British journalist, novelist, and former child actor

Hermione Eyre (born 1980) is a British journalist, novelist, and former child actor.

==Early life==
Hermione Eyre was born in 1980. Her parents were Sir Reginald Eyre, a British Conservative party politician, and Anne Clements. Her godmother was the actress Hermione Gingold, who was a friend of her mother and her namesake.

Eyre studied at Rugby School, joining at the age of 13 in the first year that the school admitted girls.

Eyre read English at Hertford College, Oxford.

After university, Eyre trained as a croupier at the Bermondsey Casino Training Centre, and worked for a year at a London casino, dealing roulette and blackjack.

==Career==

===Acting===
At the age of 7, Eyre acted in About Face, a sitcom with Maureen Lipman. She also acted as a young Agatha Christie in a BBC production. In 1990, Eyre obtained a role as Zinnie in the film The Children with Kim Novak and Ben Kingsley.

Aged 12, Eyre acted in her final role – as the Kid Clementina in an episode of the television series Jeeves and Wooster.

===Journalism===
Eyre worked at The Independent as a staff writer for seven years. She was also a television critic for that newspaper.

Eyre is known for her long-form interviews with celebrities, publishing her works in the London Evening Standard Magazine, where she is a contributing editor. She has also written for the New Statesman, and The Spectator.

===Books===
Eyre co-wrote The Dictionary of National Celebrity in 2005.

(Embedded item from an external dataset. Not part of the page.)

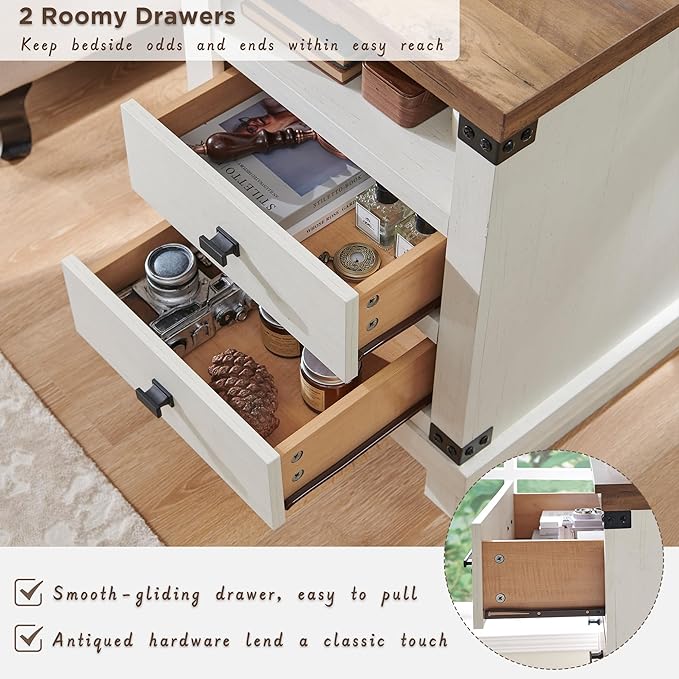RedLemon Farmhouse Nightstand with Charging Station, 18" Rustic Night Stand with 2 Storage Drawers, Wood End Table for Bedroom, Living Room, Antique White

In 2014, she published a work of historical fiction Viper Wine, featuring Venetia Stanley and Kenelm Digby, which was nominated for the Folio Prize, and short-listed for the Walter Scott Prize. Her novel won the Kitschies: Golden Tentacle award for best debut.

Eyre cites Borges, Dorothy Parker and Charles Dickens as influences.

==Personal life==
Eyre lives in Archway, London. In 2012, she married Alex Burghart, now a Conservative MP.